If only she had the power to eliminate those supply-chain bottlenecks that tie up freight shipments in port facilities.

Robinson doesn’t have all the answers, but she does know Canada’s largest railway is also its busiest, hence the need for more workers.

Prince George is home to 600 of the nearly 1,000 CN employees in northern B.C., and Robinson acknowledged the role the city plays as an important terminal for freight connecting to markets in all directions, whether it’s trains carrying containers of cargo from the port in Prince Rupert or rail cars full of lumber and sawmill chips destined for Prince George mills.

“On the railway we like to say if you wear it, if you use it, if you drive it or you eat it, chances are we moved it, and it probably went through British Columbia,” said Robinson, a former Canadian Pacific Railway employee appointed to her role with CN last February after seven years as an executive at Trans Canada Energy.

“At CN we take seriously our purpose, to power to grow the Canadian and North American economy in its entirety, but also for its industries individually and we do that, providing thousands of customers across every industry with transportation from local markets and markets around the world.”

CN has a network of 30,000 kilometres of track and more than 50 per cent of the business it does goes through Western Canada.

“It’s driven by the forestry sector,” Robinson told the crowd. “At CN we carry more forest products on our railroad than any other railroad in North America and most of that comes from this area in Prince George and the area across northern B.C.

“This railroad is driven by coal and other mined products taken to other markets around the world. It’s driven by grain and potash that move through B.C. on their way to global markets. It’s driven by all kinds of energy, refined fuel, crude oil and jet fuel.”

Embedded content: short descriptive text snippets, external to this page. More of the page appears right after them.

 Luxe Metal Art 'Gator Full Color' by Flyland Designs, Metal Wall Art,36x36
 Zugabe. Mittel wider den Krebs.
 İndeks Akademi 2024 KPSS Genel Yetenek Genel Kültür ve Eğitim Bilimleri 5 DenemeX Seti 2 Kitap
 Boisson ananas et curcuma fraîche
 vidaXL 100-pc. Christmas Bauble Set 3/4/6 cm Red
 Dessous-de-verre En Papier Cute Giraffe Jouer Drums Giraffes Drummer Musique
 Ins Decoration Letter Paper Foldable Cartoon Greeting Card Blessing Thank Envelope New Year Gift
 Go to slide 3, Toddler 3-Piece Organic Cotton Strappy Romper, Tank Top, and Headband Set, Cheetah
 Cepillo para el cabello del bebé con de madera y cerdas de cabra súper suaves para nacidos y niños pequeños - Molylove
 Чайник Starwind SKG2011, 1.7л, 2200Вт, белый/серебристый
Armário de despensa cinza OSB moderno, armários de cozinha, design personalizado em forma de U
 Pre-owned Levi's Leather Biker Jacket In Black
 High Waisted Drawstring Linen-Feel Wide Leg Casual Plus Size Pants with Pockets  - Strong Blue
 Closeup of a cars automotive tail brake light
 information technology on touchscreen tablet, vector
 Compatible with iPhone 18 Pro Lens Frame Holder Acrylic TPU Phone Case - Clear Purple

CN reported record profits in the third quarter of 2022 and in those three months revenues jumped by $922 million to $4.5 billion, a 26 per cent improvement over the previous year.

Robinson said the company has continually made infrastructure upgrades over the past 11 months that have reduced shipping times, increased reliability and improved safety of the railroad. Since 2017, Robinson CN has invested nearly $2 billion in B.C.

“Earlier this month we celebrated an important event, we passed two years without a fatality at CN,” said Robinson. “There is nothing more important than sending our people home every day. We’re almost at the same milestone, nearly two years without a serious injury.”

While CN executives continue to try to hash out how to improve the flow of freight from the port in Vancouver, Robinson said Prince Rupert holds more opportunity for material growth in the north.

“The port in Prince Rupert over the past decade has emerged as a powerhouse to be reckoned with,” Robinson said. “That story’s really just begun. Rupert had $60 billion of trade going through it in 2021 and is generating $1.4 million of economic activity in northern B.C.

“It’s the shortest sailing time to Asia, it’s the deepest natural harbour in North America and it connects to our network, which means it can get products anywhere across Canada and the United States. It facilitates our access to the Asian markets.”

Propane shipments that originated from CN tracks are heating homes and powering businesses across Asia and wood pellet exports have increased from 500,000 tonnes in 2014 to 1.5 million tonnes last year. Intermodal traffic also increased to 1.2 million containers last year.

“We want to invest to expand our capacity,” said Robinson. “That means longer sidings, it means reinforcing the bridges and hardening our infrastructure and it means more investment in cars and locomotives and in technology to ensure we continue to advance the safety of our operations and our efficiency.

“It’s going to mean more people, more permanent jobs in communities along our line, with good pay, strong benefits and more support for the communities along our route.”